Tudo flui na rua da amargura, em cada toco
de cigarro pisado pelo recorrente tormento
Todas as crianças choram
Todos os adultos mais áusteros choram
Toda solidão revertida em sofrimento
Ou, muitas vezes, em substância paliativa ou placebo
Tudo isso a favor da cura de uma dor incessante
Que não tem hora pra chegar, não se tem notícias
de quanto tempo vai durar, muito menos se um dia vai acabar.
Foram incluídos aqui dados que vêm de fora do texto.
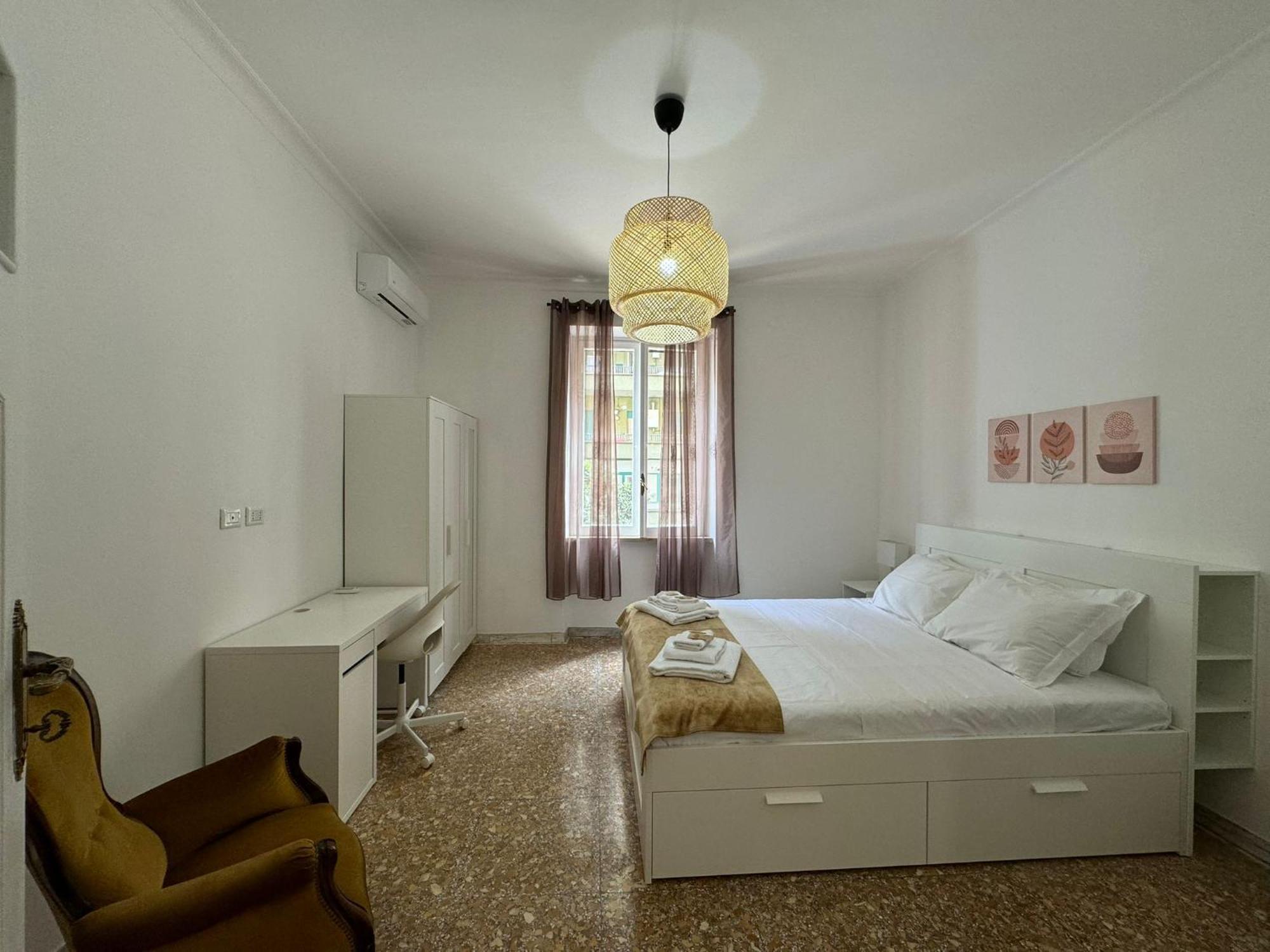 Spacious Chez Max Apartment Rom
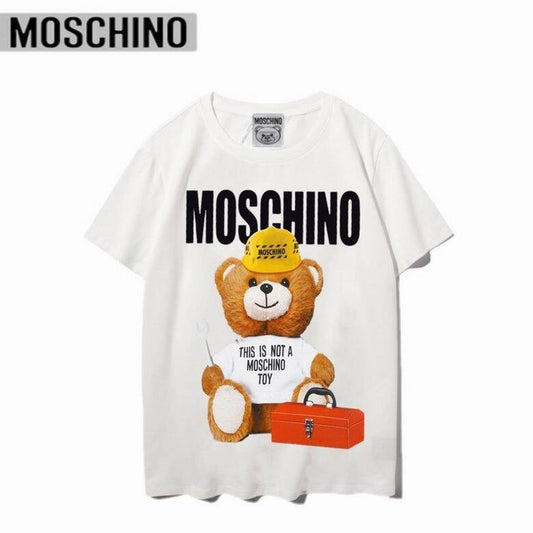 T-shirts Moschino Femme offrent une élégance et un confort inégalés.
sábado, 9 de outubro de 2010

Avidez

Quando eu sinto que já está amanhecendo, é apenas a noite vindo
Quando eu sinto que já está pegando cor, é o começo do empalidecimento
Quando eu sinto que já deu o horário, restam mais duas ou três horas
Quando eu sinto que já vou ganhar alta, é só o começo da minha internação
Quando eu sinto que a maré é baixa, todos os prédios estão debaixo d'água
Quando eu sinto que é norte, é sul
Quando eu sinto sucumbir, a hemorragia está apenas batendo à porta
Quando eu sinto que está chegando alguém, é apenas o vento fazendo alarde
Quando eu sinto que a colheita já passou do ponto, a semente está
apenas começando a se revirar debaixo da terra
Quando eu sinto que já sou eu, sou apenas o meio para chegar a mim
Quando eu sinto que já está tudo acabado, o começo se revela misteriosamente.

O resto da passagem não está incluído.